§ **Activity**:
Restate verbatim the span of lines below between the line with "微店上货助手电脑版下载 v2.8.9 破解版" and the line with "第144话 -别害羞嘛，师尊~25", including those two lines, and only that span.

[Extracted material Boundary: Start]

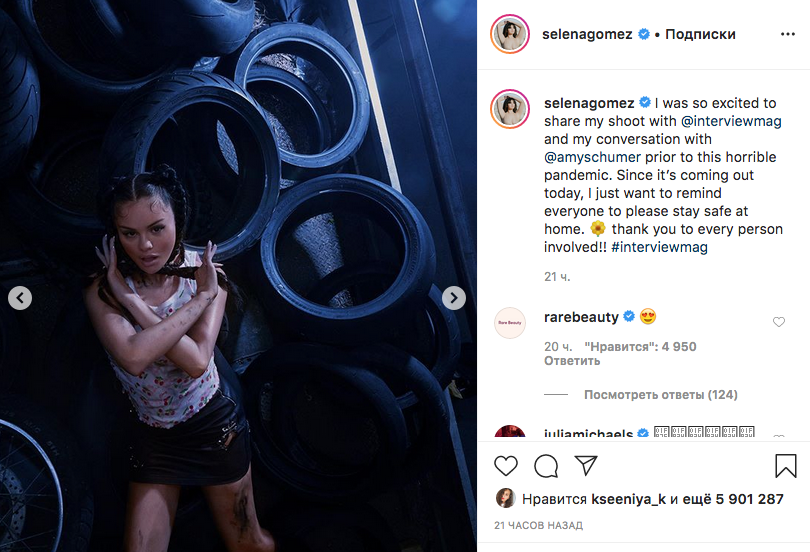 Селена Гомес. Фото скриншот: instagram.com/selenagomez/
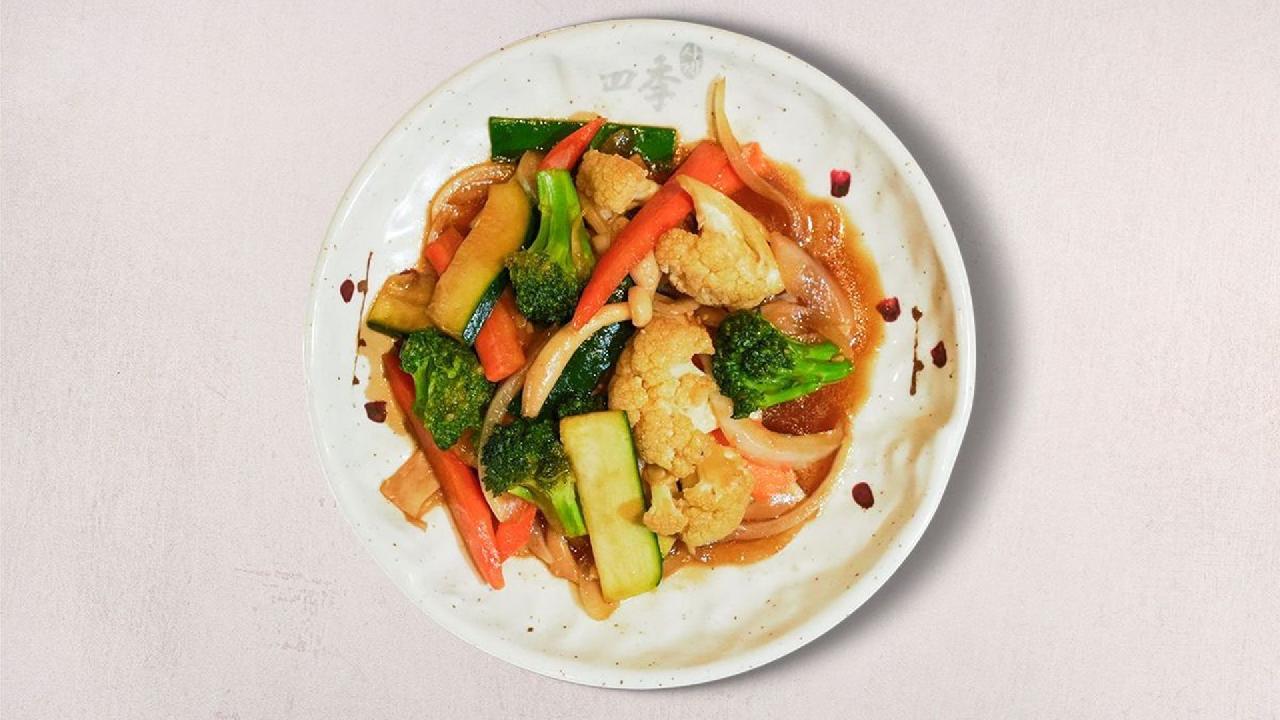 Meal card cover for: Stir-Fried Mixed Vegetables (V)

[Extracted material Boundary: End]
[Extracted material Boundary: Start]

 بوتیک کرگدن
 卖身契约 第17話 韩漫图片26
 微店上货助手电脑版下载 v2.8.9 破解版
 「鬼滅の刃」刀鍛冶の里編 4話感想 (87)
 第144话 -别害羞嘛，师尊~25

[Extracted material Boundary: End]

§ **Your response**:
 微店上货助手电脑版下载 v2.8.9 破解版
 「鬼滅の刃」刀鍛冶の里編 4話感想 (87)
 第144话 -别害羞嘛，师尊~25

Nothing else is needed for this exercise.